Psalm 15: Action Hero.

One of the problems with prayer?

It seems so passive. To pray and then wait . . . and wait . . . and wait for God to act can get a bit tedious. What are we supposed to do in the meantime?

Psalm 15 offers insight into the lifestyle God desires. If we want to experience God working in our lives, it’s going to take more than saying a few prayers or occasionally heading off to church. We’re expected to be people of action. This Psalm invites us into the action of following God.

What kind of action? God wants us to be:

  • True (“who does what is righteous”)
  • Tight-lipped (“who casts no slur on others”)
  • Tough (“who keeps an oath even when it hurts”)
  • Thoughtful (“who lends money to the poor”)
  • Tenacious (“whoever does these things will never be shaken”)

There’s nothing passive about this kind of praying. Let’s ask God for the strength and courage to become the live action heroes we were created to be.

Kevin T.
enCompass Church, Roseville.

Psalm 13: In a funk . . . and back out again.

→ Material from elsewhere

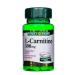 Nature's bounty Niceche Bounty L-Carnitine 500 mg 30 pcs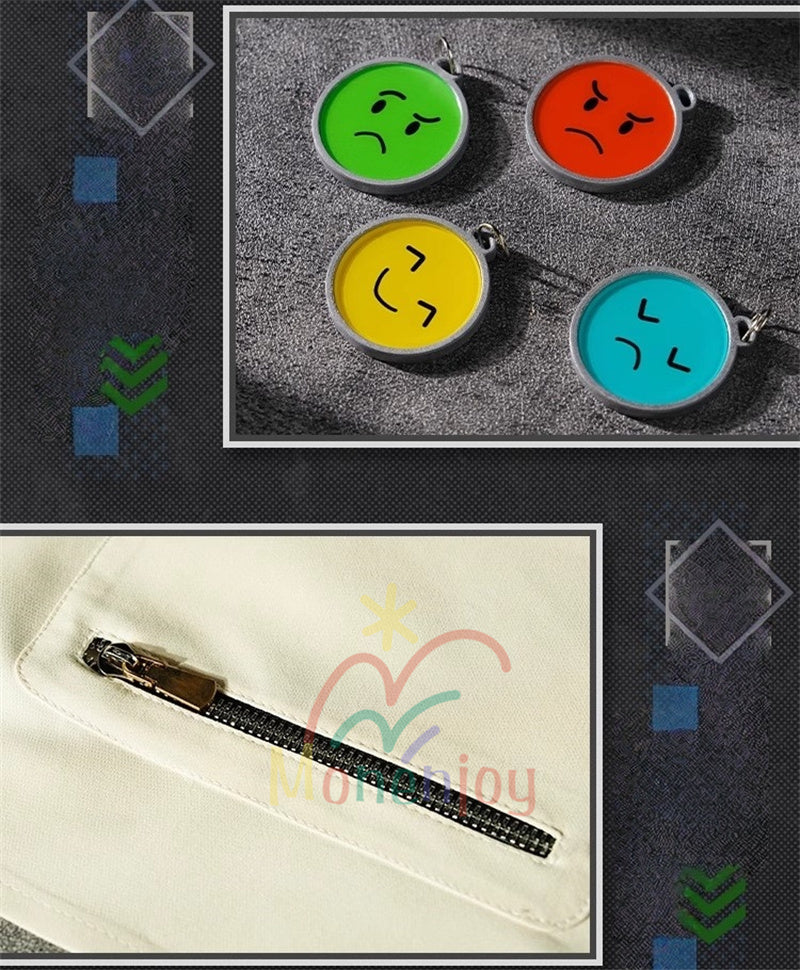 Monenjoy  アークナイツ Mon3tr M3 コスプレ衣装  明日方舟 Arknights  cosplay コスチューム イベント 仮装 変装GS1447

Our author of unlucky Psalm number 13 seems to be having yet another bad day. He’s sick and tired of being sick and tired. He bemoans,

“How long, LORD? Will you forget me forever? How long will you hide your face from me? How long much I wrestle with my thoughts and day after day have sorrow in my heart?”

He’s become nothing more than a jumbled up mess of depression, hurt and sadness. Pathetic, isn’t it? What’s a person do when enduring another debilitatingly bad day?

As with most of the Bible, when you get stuck . . . you just have to keep reading. Move forward only a few verses and you’ll discover the way our author starts to pull out of this personal nosedive:

“But I trust in your unfailing love; my heart rejoices in your salvation. I will sing the LORD’s praise, for he has been good to me.”

When life becomes a jumbled mess of depression, hurt and sadness, it’s always recommended to stop long enough to consider the ways God’s goodness has shown up in the past. Both clinical research and personal experience teaches us that those who can find gratitude from past experiences are the best equipped to move through present day sorrows. While the hurt and sadness won’t necessarily instantly disappear, the more we can discern the ways that God’s goodness has been experienced in the past, the greater our strength in moving into a brighter future.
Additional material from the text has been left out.